(YOUR OBJECTIVE) Look through the data below for the line with "Седан Tesla Model 3 2021 в Івано-Франківську" and the line with "2540 Pfinister School", then output those two and all lines in between, exactly as written.

(DATASET RECORDS)
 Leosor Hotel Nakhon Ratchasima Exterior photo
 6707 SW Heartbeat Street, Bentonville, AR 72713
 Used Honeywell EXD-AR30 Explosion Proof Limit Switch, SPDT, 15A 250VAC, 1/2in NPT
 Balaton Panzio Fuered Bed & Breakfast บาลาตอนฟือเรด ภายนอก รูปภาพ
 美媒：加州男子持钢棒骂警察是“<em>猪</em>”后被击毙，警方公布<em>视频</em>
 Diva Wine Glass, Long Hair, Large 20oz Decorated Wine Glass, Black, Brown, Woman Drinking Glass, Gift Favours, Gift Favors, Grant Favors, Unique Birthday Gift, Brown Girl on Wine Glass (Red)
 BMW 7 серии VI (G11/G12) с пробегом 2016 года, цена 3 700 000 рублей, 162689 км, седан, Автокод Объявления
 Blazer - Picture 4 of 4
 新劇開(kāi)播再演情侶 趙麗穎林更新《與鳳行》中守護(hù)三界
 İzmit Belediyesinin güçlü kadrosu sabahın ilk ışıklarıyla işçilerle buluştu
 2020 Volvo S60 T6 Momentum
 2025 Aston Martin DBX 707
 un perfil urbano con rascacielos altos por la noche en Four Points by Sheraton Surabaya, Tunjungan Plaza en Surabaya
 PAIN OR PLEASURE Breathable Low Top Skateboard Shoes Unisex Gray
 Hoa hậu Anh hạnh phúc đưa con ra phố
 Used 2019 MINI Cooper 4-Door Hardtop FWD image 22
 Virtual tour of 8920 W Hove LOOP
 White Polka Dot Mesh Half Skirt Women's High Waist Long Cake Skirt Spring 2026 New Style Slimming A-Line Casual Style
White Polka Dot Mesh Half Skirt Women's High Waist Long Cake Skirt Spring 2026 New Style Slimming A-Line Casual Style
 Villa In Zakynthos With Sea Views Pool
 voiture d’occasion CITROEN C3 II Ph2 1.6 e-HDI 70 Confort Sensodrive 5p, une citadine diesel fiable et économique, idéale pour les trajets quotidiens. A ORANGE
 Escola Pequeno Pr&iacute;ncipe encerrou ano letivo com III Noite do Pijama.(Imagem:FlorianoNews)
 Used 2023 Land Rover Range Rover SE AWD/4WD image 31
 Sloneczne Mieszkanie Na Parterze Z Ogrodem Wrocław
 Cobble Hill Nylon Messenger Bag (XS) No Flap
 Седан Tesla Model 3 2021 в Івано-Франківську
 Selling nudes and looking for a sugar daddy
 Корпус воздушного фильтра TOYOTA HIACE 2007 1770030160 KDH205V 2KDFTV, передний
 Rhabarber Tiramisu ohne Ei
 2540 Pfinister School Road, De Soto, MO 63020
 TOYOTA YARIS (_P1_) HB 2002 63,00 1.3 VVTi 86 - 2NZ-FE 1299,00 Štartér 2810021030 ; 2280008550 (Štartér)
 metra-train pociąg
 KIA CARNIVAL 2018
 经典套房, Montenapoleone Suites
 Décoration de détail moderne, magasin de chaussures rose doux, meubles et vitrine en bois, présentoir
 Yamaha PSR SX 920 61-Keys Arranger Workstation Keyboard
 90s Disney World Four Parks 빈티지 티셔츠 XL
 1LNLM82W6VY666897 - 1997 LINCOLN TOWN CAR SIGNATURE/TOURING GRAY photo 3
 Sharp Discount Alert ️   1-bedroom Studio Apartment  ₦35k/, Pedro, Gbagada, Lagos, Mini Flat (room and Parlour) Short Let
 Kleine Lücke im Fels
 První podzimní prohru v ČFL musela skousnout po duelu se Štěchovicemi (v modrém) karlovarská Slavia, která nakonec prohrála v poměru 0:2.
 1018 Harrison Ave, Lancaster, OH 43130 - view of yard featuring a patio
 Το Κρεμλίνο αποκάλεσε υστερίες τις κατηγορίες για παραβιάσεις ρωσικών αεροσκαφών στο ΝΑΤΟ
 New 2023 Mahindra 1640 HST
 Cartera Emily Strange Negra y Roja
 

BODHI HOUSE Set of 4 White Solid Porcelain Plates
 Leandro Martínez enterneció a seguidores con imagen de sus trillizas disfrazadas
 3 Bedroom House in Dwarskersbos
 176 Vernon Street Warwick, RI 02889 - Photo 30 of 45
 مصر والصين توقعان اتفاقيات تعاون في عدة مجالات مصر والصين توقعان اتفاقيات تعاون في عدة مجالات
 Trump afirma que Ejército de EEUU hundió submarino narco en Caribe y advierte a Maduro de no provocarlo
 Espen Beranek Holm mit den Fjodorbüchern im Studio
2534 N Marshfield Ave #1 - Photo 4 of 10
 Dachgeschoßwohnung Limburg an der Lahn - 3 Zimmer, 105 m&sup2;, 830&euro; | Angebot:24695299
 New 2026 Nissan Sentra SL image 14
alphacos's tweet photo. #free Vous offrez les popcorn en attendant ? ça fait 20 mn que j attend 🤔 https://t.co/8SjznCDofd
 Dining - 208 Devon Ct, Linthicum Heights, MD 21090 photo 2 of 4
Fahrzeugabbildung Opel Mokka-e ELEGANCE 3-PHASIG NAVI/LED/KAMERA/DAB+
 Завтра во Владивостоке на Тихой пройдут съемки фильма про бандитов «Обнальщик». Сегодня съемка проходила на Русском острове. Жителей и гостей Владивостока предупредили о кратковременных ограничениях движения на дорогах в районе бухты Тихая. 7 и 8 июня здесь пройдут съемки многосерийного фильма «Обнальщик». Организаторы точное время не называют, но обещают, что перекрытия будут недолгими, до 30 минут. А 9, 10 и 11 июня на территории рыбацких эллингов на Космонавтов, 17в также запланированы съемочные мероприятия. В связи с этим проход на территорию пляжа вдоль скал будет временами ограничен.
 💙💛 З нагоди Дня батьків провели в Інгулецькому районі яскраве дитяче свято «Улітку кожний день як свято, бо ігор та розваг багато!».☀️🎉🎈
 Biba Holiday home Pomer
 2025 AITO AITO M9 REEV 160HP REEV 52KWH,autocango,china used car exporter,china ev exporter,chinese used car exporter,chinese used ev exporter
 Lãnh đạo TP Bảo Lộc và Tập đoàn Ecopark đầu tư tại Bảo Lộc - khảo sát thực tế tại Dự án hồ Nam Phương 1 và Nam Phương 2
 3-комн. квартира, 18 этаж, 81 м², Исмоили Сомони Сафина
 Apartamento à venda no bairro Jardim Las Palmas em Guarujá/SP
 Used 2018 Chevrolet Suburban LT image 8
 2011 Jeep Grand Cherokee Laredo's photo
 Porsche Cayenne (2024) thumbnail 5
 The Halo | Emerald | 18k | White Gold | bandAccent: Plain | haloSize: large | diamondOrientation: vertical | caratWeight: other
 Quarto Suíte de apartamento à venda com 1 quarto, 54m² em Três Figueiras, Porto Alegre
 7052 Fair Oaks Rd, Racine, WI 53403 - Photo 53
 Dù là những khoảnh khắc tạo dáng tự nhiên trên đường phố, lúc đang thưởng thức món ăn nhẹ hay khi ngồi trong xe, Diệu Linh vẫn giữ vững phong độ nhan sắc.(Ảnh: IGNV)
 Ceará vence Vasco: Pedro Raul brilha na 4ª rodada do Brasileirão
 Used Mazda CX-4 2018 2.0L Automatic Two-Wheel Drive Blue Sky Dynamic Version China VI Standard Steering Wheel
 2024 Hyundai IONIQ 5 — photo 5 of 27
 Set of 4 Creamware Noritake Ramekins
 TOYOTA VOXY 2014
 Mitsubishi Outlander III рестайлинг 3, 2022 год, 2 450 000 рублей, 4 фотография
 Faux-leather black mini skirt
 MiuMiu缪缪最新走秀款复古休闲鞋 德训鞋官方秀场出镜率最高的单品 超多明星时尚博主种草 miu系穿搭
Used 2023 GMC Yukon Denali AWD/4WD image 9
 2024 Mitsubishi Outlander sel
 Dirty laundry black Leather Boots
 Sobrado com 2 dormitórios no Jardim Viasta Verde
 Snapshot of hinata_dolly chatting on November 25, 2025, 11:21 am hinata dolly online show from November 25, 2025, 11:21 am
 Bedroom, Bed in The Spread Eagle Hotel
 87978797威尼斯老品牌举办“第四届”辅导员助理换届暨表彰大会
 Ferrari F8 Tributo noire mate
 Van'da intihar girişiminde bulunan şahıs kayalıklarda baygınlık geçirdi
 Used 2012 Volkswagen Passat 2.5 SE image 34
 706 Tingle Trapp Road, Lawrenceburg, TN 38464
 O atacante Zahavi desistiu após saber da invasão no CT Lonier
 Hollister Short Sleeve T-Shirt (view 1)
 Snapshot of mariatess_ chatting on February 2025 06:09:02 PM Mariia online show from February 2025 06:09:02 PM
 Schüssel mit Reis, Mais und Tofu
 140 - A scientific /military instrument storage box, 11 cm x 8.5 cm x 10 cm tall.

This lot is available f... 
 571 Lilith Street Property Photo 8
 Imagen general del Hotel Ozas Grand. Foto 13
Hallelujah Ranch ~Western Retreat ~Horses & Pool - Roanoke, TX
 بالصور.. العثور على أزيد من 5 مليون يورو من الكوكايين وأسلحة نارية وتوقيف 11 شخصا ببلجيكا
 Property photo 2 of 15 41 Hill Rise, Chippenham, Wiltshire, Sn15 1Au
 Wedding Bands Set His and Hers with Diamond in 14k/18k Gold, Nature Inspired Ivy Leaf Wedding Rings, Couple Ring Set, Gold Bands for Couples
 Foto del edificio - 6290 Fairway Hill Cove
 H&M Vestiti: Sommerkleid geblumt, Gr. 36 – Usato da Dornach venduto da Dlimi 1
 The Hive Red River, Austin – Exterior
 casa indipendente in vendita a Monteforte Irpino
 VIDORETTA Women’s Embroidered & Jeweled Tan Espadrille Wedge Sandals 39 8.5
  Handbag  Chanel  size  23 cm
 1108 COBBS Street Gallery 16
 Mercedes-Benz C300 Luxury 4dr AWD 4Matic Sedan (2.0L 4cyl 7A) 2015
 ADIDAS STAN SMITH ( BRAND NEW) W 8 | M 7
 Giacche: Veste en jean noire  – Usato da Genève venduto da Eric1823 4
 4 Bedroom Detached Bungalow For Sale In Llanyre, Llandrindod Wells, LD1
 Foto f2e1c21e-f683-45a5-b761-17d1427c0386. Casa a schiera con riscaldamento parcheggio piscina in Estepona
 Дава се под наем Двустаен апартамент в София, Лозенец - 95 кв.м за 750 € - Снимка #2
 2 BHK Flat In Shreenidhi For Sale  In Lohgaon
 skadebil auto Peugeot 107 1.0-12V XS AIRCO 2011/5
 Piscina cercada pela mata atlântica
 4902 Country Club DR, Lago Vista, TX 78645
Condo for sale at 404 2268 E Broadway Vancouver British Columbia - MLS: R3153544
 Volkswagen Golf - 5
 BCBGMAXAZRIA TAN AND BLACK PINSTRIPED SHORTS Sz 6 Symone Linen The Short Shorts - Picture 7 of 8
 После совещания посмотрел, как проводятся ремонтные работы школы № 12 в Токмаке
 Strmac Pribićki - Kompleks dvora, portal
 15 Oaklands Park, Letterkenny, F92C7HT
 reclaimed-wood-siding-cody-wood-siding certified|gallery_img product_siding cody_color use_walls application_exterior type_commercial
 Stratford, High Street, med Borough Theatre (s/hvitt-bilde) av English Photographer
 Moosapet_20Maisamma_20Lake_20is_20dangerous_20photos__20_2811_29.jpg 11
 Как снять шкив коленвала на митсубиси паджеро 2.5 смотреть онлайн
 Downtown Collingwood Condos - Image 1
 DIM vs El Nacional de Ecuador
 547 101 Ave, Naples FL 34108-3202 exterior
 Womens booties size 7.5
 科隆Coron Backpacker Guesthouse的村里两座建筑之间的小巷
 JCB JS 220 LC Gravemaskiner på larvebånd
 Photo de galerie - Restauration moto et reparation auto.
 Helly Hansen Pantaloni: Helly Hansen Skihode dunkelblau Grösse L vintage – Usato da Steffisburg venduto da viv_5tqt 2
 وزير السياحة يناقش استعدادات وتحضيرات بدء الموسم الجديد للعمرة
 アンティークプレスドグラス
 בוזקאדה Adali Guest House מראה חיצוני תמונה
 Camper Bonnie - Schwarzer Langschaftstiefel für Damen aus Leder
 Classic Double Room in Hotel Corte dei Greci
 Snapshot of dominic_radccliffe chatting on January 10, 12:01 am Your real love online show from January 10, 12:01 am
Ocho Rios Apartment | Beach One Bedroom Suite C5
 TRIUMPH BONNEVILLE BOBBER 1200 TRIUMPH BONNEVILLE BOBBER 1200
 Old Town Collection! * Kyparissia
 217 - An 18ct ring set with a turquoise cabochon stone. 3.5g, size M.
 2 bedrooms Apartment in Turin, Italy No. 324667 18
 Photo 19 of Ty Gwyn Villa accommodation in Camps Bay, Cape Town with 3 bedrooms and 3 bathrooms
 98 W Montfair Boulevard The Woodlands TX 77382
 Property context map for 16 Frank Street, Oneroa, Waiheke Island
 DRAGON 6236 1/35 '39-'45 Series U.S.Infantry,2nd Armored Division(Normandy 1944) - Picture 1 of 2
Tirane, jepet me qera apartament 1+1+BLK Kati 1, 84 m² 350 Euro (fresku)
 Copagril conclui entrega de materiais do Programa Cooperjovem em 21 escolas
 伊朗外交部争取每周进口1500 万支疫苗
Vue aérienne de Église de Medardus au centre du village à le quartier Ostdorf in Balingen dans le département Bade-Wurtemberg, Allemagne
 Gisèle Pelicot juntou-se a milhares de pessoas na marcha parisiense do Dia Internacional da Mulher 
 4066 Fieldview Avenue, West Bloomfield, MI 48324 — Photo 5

(WRITTEN SOLUTION)
 Седан Tesla Model 3 2021 в Івано-Франківську
 Selling nudes and looking for a sugar daddy
 Корпус воздушного фильтра TOYOTA HIACE 2007 1770030160 KDH205V 2KDFTV, передний
 Rhabarber Tiramisu ohne Ei
 2540 Pfinister School Road, De Soto, MO 63020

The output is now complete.